Keenam: Allah Swt. berfirman, “Maka apabila mereka naik kapal mereka berdoa kepada Allah dengan memurnikan ketaatan kepada-Nya; maka tatkala Allah menyelamatkan mereka sampai ke darat, tiba-tiba mereka (kembali) mempersekutukan (Allah). Agar mereka mengingkari nikmat yang telah Kami berikan kepada mereka dan agar mereka (hidup) bersenang-senang (dalam kekafiran). Kelak mereka akan mengetahui (akibat perbuatannya itu).” (QS. Al-‘Ankabût [29]: 65-66)
Menurut mufassirin (para ahli tafsir), yang dimaksud dengan ayat “Mereka berdoa kepada Allah dengan memurnikan ketaatan kepada-Nya,” adalah mereka tampak seperti orang yang memurnikan agama karena Allah semata, dia itu termasuk bagian dari orang-orang mukmin yang aktivitasnya hanya mengingat Allah, dan dia tidak pernah memohon kepada selain Allah. “Maka tatkala Allah menyelamatkan mereka sampai ke darat,” dan Allah menempatkan mereka di daratan, dengan seketika mereka beriman kepada Allah setelah mereka dihantui rasa takut yang amat sangat. “Tiba-tiba mereka (kembali) mempersekutukan (Allah).” Yakni kembali melakukan kesyirikan. “Agar mereka mengingkari nikmat yang Kami berikan dan agar mereka (hidup) bersenang-senang dalam (kekafiran),” Yakni kembali kepada kekufuran dan mengingkari nikmat berupa keselamatan, yang semata-mata hanya untuk mendapatkan kesenangan dan kelezatan.

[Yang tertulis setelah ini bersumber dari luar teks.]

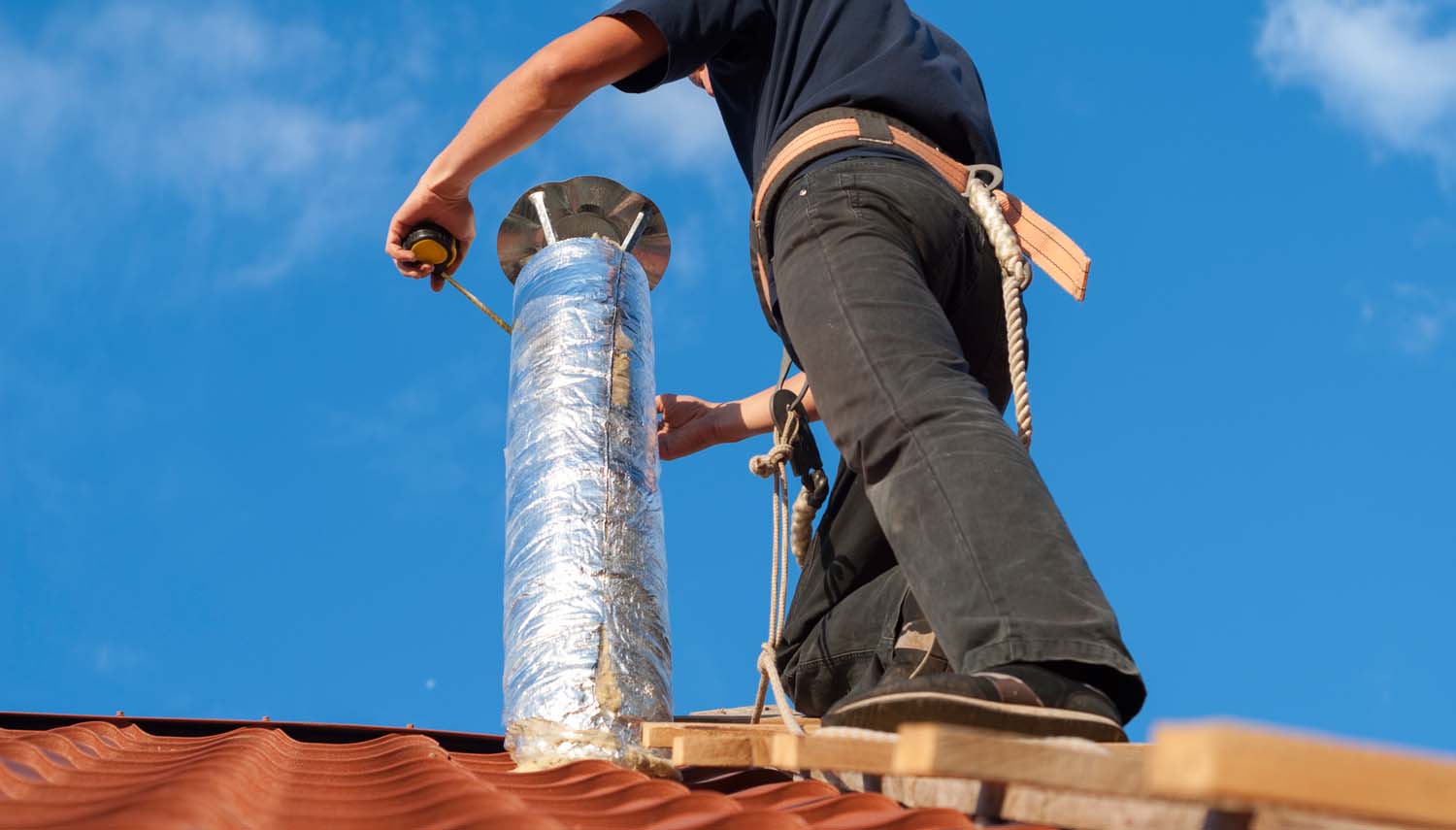 close up view of a contractor adding attic ventilation to a roof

Berbeda dengan keadaan orang-orang mukmin yang mensyukuri nikmat Allah, ketika diberikan keselamatan maka mereka jadikan nikmat itu sebagai pemacu untuk meningkatkan ketaatannya.
Ketujuh: Allah Swt. berfirman, “Katakanlah, ‘Apakah kalian memperdebatkan dengan Kami tentang Allah, padahal Dia adalah Tuhan kami dan Tuhan kalian; bagi kami amalan kami, bagi kalian amalan kalian dan hanya kepada-Nya kami mengikhlaskan hati.'” (QS. Al-Baqarah [2]: 139)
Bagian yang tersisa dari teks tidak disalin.